Gentlemen don't pee in the sink use the toilet". The head told me that there had been a problem and that it was now under control. I commended her on her sleeves-rolled-up approach to management and asked if I could return with my camera to capture this example of forthright problem-solving. She readily agreed.
In infant schools there may not be a gents (no men on the staff), and I have to use the ladies' loo. These are proper palaces (or at least throne rooms) complete with curtains with ties, little china ornaments, bowls of pot pourri and, best of all, scented soap, soft toilet paper and air fresheners. I was once part of an Ofsted team in a large primary run by a tough female head who ruled that, in pursuit of equality, toilets should be unisex. The women at this school no longer suffered long queues at playtimes. Speed and efficiency were the golden rules. But the upper panels of the cubicle doors were frosted glass and silhouettes were clearly visible. The head complained that men didn't stay on the staff for long.

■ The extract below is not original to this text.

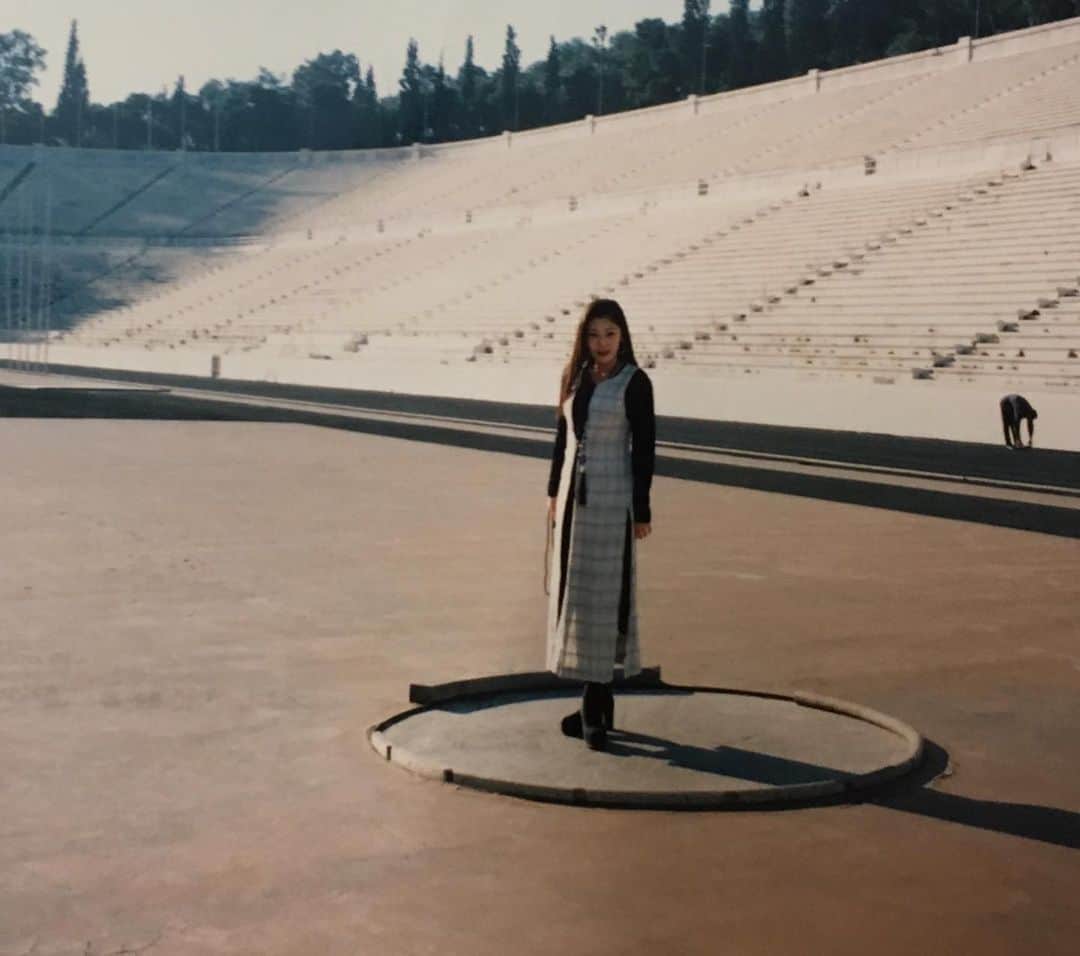福山理子さんのインスタグラム写真 - (福山理子Instagram)「ギリシャ アテネ #前世はギリシャ人 #graecia🇬🇷 #Athenae #オリンピックスタジアム🏟 #aigina  #piraeus #大学卒業旅行 #1990年代」3月21日 0時03分 - rikofukuyama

On a recent visit to another primary in quite a tough town, I was talking to the head about workforce reform; she had appointed additional assistants including one for ambience. I thought that I had again missed out on changes in the National Literacy Strategy (was an ambience anything like a haiku, I wondered). Resolving once again to try to keep up to date, I slunk off to the loo and there all was revealed once I had shut the door. A white towel artistically folded into a magnificent swan shape was positioned as if floating on the porcelain cover of the low level WC, a real rose clasped in its beak. Another excuse to go back with the camera.
I hate schools where staff toilets are locked so that parents, anyone making deliveries and casual visitors like me are forced to make a leap back to childhood and say "please miss may I go to the toilet?", dreading to be told that we should have gone at home. Headteachers' rooms in older schools often have ensuite facilities as an indicator of status. Lowly teachers, do not take this as an incentive for promotion. One Black Country head managed to jam the door lock and was trapped inside his loo for six and a half hours before he was rescued by the cleaner. Nobody had missed him.

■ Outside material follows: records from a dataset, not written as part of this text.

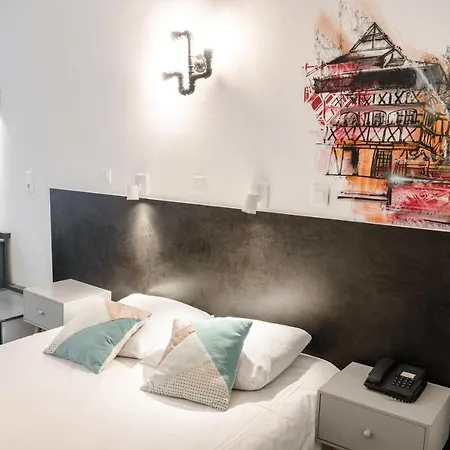 Des Arts Hotel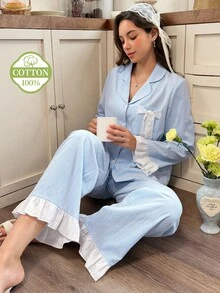 Snug Reverie طقم بيجامة نسائي رومانسي منعش من القطن 100% لفصلي الربيع والخريف، كارديجان بأزرار مع كشكشة وأكمام طويلة وقمة وبنطال بجيوب، ملابس منزلية من قطعتين - أزرق فاتح اللون - مشاهدة 1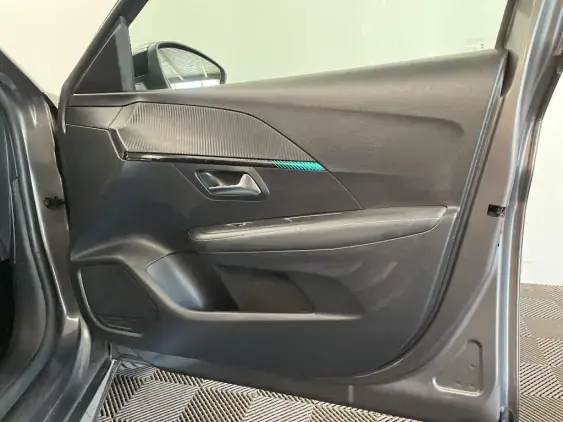 PEUGEOT 208 II - voiture d'occasion - Photo 20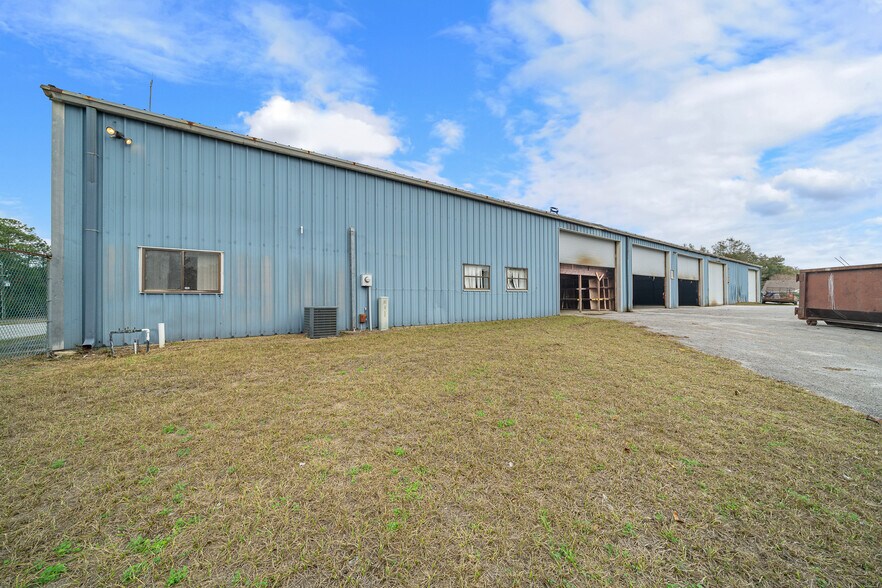 More Photos Of 11641 SW 90th Ter, Ocala Warehouse For Lease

Whatever the staff loo is like, it's likely to be better than the pupils'.
Last year I became a governor of a secondary school. When the head took me on a tour, the first room that he chose to show me was the boys' toilet, with its security camera set in the ceiling. He swore that it was focused on the sink area and I didn't ask to visit the monitoring suite. I thought that the individual's rights to privacy were being pushed to the limits.
It was only in the disgracefully recent past that the Government announced that there were no longer any primary schools with outdoor toilets. That might have been something to boast about at the time of Gladstone but now it's more of an embarrassing admission. What was not mentioned was that in schools where children are still taught in temporary buildings, the pupils have to run across the playground in all weathers to use toilets in the main building. This should be regarded as a national scandal and an opportunity for a TV chef or similar celebrity to lead a campaign for change.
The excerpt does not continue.